The Defense Science Board, a Pentagon advisory panel, must be commended, on its recently released report on America’s outreach to the Muslim world. Described by The New York Times’ Defense correspondent, Thom Shanker, as "a harshly critical report," the study shows in a unprecedented way that America’s efforts to improve its image overseas is facing more problems than expected. To summarize these problems is to describe them as a domestic triangle of setbacks consisting of missing leadership, counterproductive foreign policies, and a surprising lack of obvious understanding among America’s top officials of the main goal of the War on Terrorism.
When it comes to the Bush administration’s role in leading the war of ideas, the report states, "there is a consensus that U.S. public diplomacy is in crisis. Missing are strong leadership, strategic direction, adequate coordination, sufficient resources, and a culture of measurement and evaluation." The report complains that the Bush administration was satisfied with making some minor changes to the way America conducts its public diplomacy. Some of these changes included delivering public speeches that emphasize that the “War on Terrorism,” is not a war on Islam, encouraging top officials to appear on Arab and global media networks, launching a new TV network Al Hurra, and a new radio station Sawa, in Arabic and embedding journalists with the troops in Iraq.

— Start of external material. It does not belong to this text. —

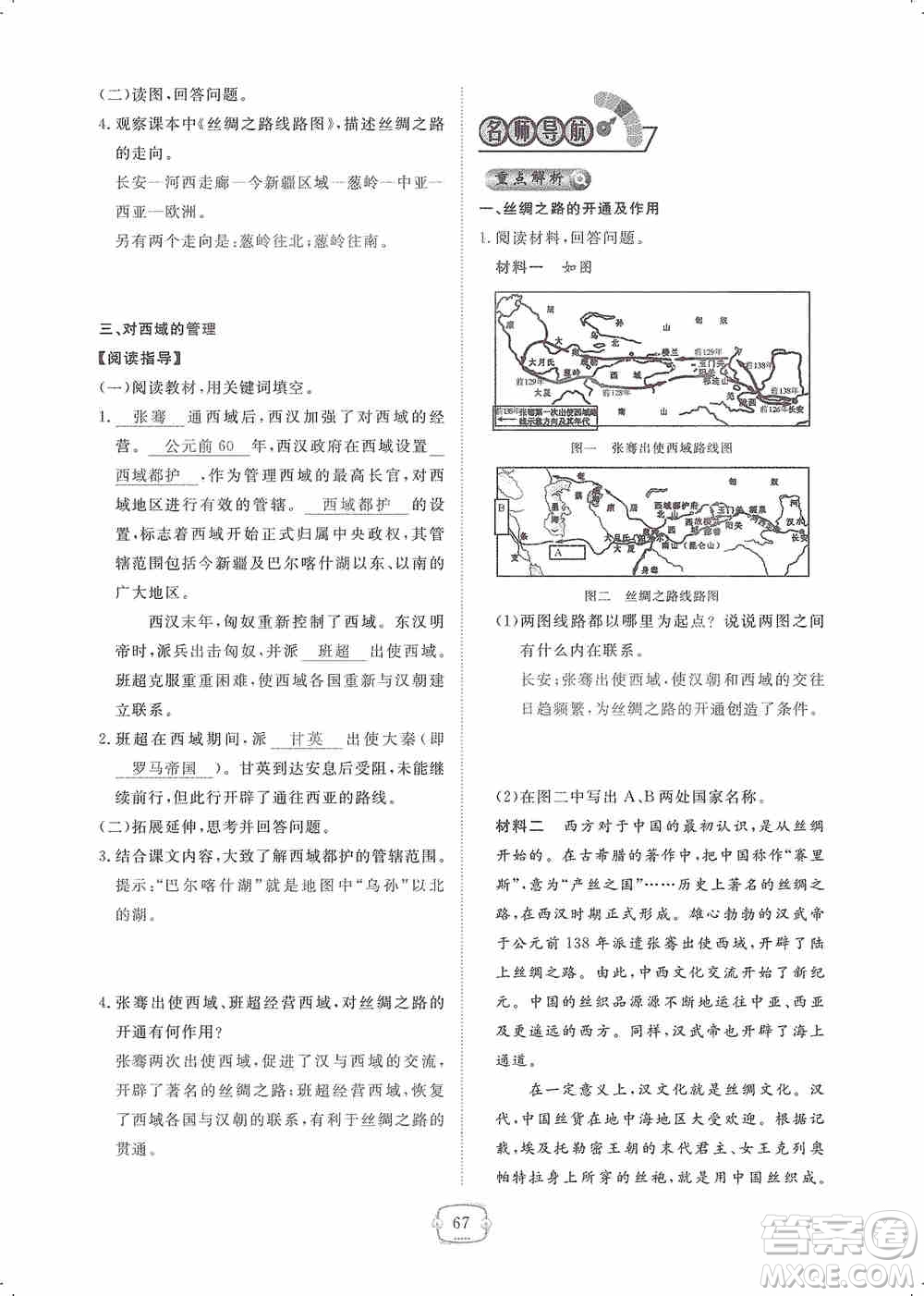 芝麻開花2019領航新課標練習冊七年級歷史上冊人教版答案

Yet, there has been no presidential directive to reorganize America’s public diplomacy institutions, programs, or strategies. One of the administrations’ main public diplomacy posts, the Office of the Under Secretary of State for Public Diplomacy and Public Affairs, was vacant for two of the first four years of the Bush administration. The Department of Defense created an Office of Strategic Influence in October 2001 to lead a "strategic information campaign in support of the War on Terrorism" and then shut it down in four months after some officials accused the office of intending to spread lies and misinformation that would ultimately hurt America’s image and credibility in the world.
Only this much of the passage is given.